Александр Лебедев.
Фото Александра Гущина
Есть такое понятие, берущее начало в древности и нередко используемое для обозначения особенностей той или иной местности: "genius loci". В буквальном переводе - "гений места". Иными словами - дух города, его суть, духовная сущность.
У каждого города свой "genius loci". О европейских написано немало, да и не о том сегодня речь. Особая аура у Санкт-Петербурга: "гений места" менялся здесь не единожды. Сначала это было даже не местожительство, а местоблюстительство - символов империи, державного чиновничества. И вместе с тем отечественной культуры. Нелегкая судьба ожидала этот город в XX веке: сначала петербургская аристократическая идентичность превратилась в буржуазную и, можно сказать, интеллигентскую - петроградскую. Потом возобладал пролетарский Ленинград, а сотни тысяч бывших петербуржцев и петроградцев физически исчезли. Однако новая идентичность горожан оказалась не менее жизнеспособной и мощной, чем та, дореволюционная. Она ярчайшим образом проявилась в сплоченности блокадного Ленинграда, в стремлении выжить и выстоять. Последующие годы, сопровождавшиеся интенсивной иммиграцией из российской (и не только российской) провинции, превратили Северную столицу в "столичный город с областной судьбой". 70-е и 80-е годы прошлого века особенно обкорнали и обездвижили "город над вольной Невой", зажав его в таких идеологических тисках, которые не были свойственны даже официальной столице. А бюджетная скудость 90-х окончательно выщербила мостовые и привела в запустение жилые кварталы города. Лишь в последнее время происходит медленное возрождение петербургского "гения места", что связано, конечно, не только лишь с административными усилиями, но и с восстановлением исторической справедливости.

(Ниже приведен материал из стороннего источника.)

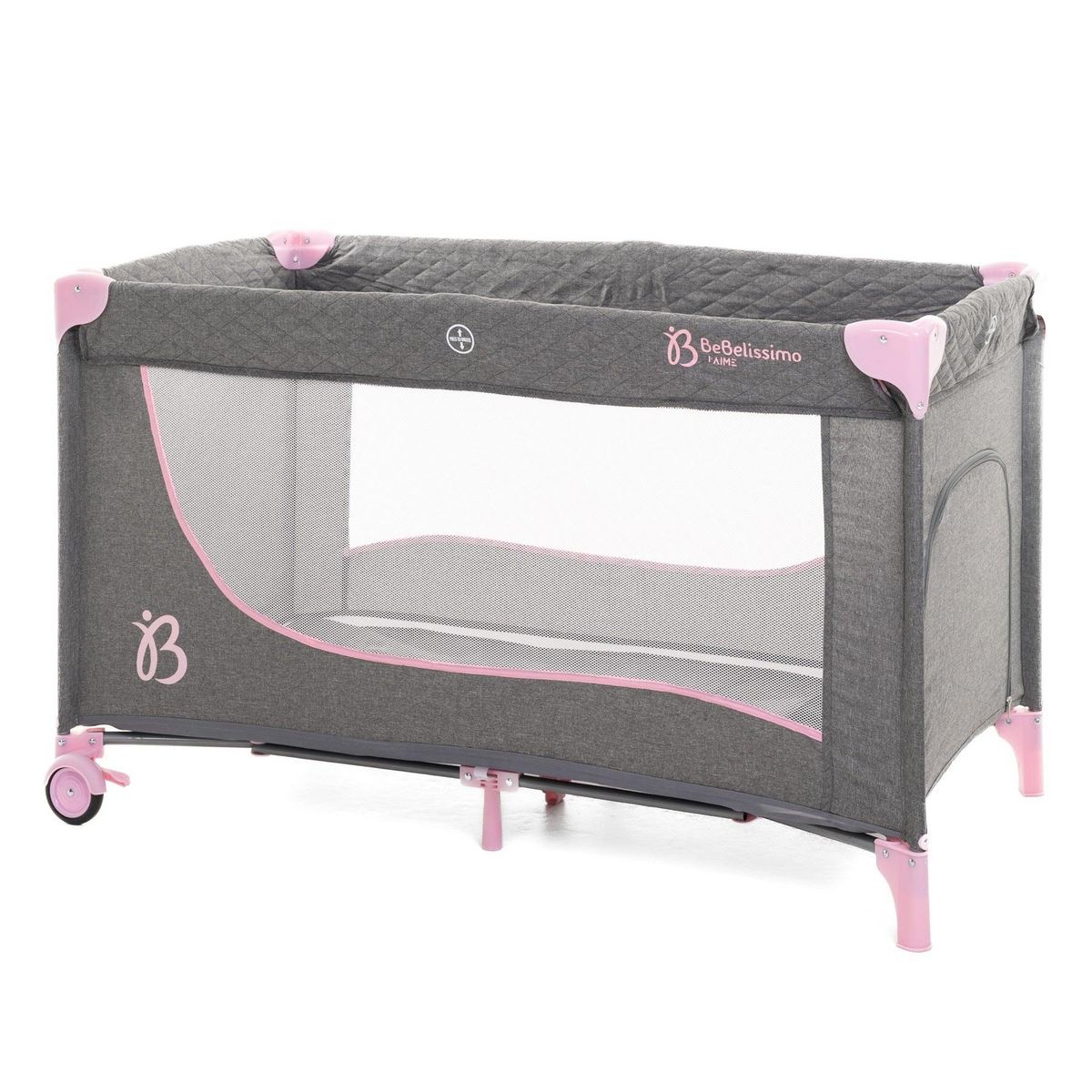 BEBELISSIMO BEBELISSIMO - Lit parapluie bébé - berceau bébé - dès la naissance - Nuit - lit pliant - 2 niveaux - rose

Свой "гений места", свой "дух города", естественно, был и есть у Москвы, у нашей столицы. Вряд ли стоит сегодня возвращаться к аргументам сталинской историографии, обосновывавшим возвеличение и предопределенность имперской роли Москвы. Но не грех и вспомнить, что естественным процессом было собирание российских земель именно вокруг нынешней столицы России. Однако истинным образом столицы стало не имперское величие, а особое для российской культуры отношение к Москве как к сердцу Отечества, когда великие поэты не стеснялись признаваться в сыновней любви к городу: "Москва, Москва! /Люблю тебя, как сын, /Как русский, /Пламенно и нежно"...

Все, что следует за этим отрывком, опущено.